Mit Beschluss vom 5. Oktober 2016 gab das Amtsgericht Diez die weitere Vollstreckung nach § 85 Abs. 6 JGG an die Staatsanwaltschaft Koblenz ab, da der Verurteilte das 24. Lebensjahr vollendet habe, die Vollstreckung der Jugendstrafe nach den Vorschriften des Strafvollzugs für Erwachsene erfolge und der Strafvollzug voraussichtlich noch länger dauere. Die Staatsanwaltschaft Koblenz sandte die Akten mit Verfügung vom 14. Oktober 2016 „unter Ablehnung der Übernahme“ zurück, weil dem vorliegenden Vollstreckungsheft keine „wirksame Ausnahme aus dem Jugendvollzug“ zu entnehmen sei und Zweifel an einer noch länger andauernden Vollstreckung bestünden. Das Amtsgericht Diez ersuchte mit Verfügung vom 27. Oktober 2016 die Justizvollzugsund Sicherungsverwahrungsanstalt Diez um Berichterstattung zum aktuellen Vollzugsverlauf und um Mitteilung, wann genau und durch wen die Ausnahme aus dem Jugendvollzug verfügt worden sei. Hierauf teilte die Justizvollzugsund Sicherungsverwahrungsanstalt Diez mit Schreiben vom 3. November 2016 mit, dass der Verurteilte bereits am 24. März 2016 in die Justizvollzugsanstalt Schwalmstadt verlegt worden sei.

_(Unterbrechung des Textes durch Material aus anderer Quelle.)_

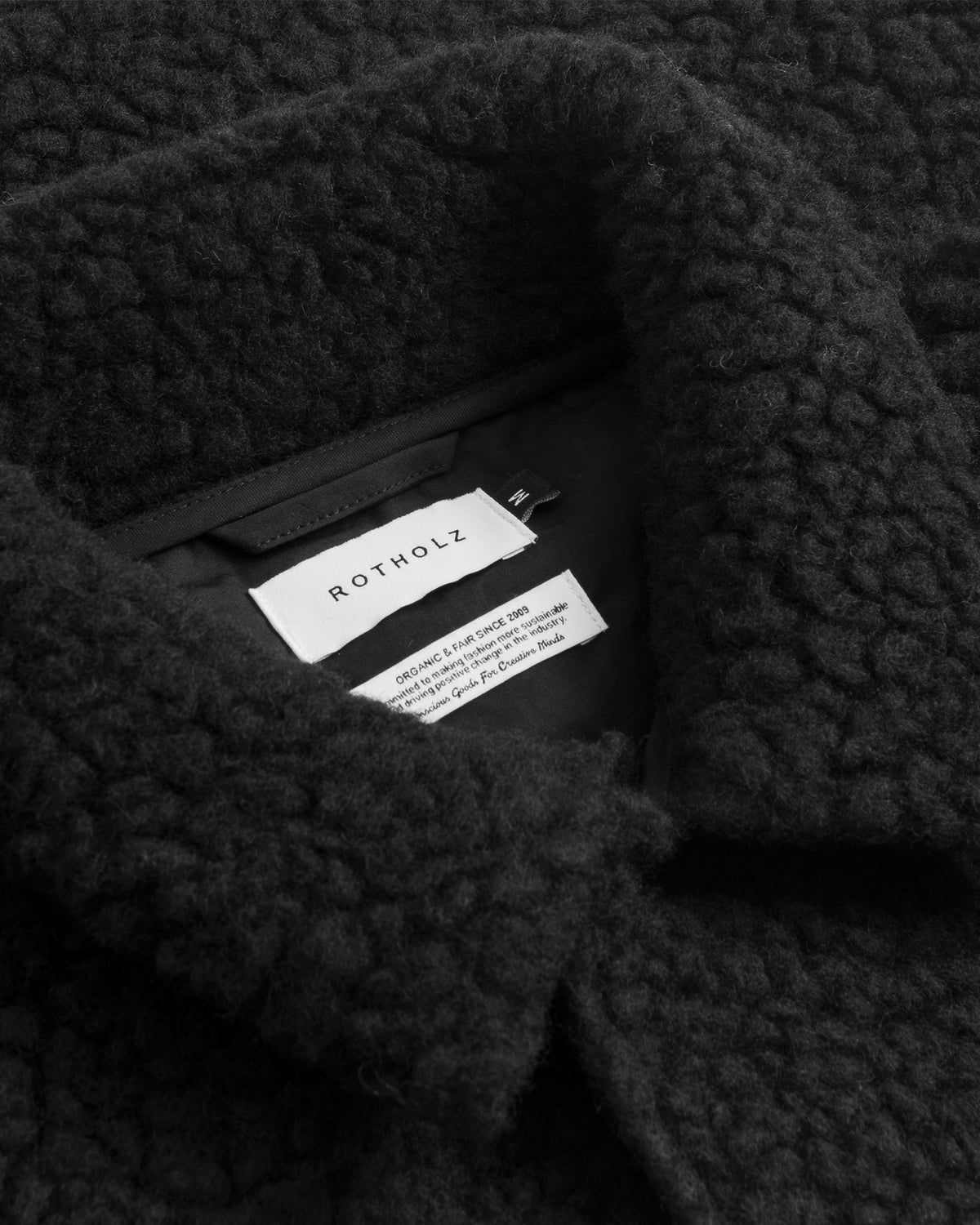 Sherpa Jacke Bio Wolle - Schwarz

Mit Beschluss vom 7. November 2016 gab das Amtsgericht Diez die weitere Vollstreckung an den Jugendrichter bei dem Amtsgericht Schwalmstadt ab. Dieser sandte die Akten mit Verfügung vom 15. November 2016 zurück mit der Anregung das Verfahren an die Staatsanwaltschaft Koblenz abzugeben, da der Beschluss vom 5. Oktober 2016 bindend sei. An dieser Auffassung hielt das Amtsgericht Schwalmstadt auch auf Gegenvorstellung des Amtsgerichts Diez fest.

Das Amtsgericht Diez hat mit Beschluss vom 30. November 2016 die Sache dem Bundesgerichtshof zur Bestimmung der Zuständigkeit vorgelegt.

II.

Der Antrag auf Gerichtsstandsbestimmung ist zurückzuweisen, da keines der streitenden Gerichte zuständig ist.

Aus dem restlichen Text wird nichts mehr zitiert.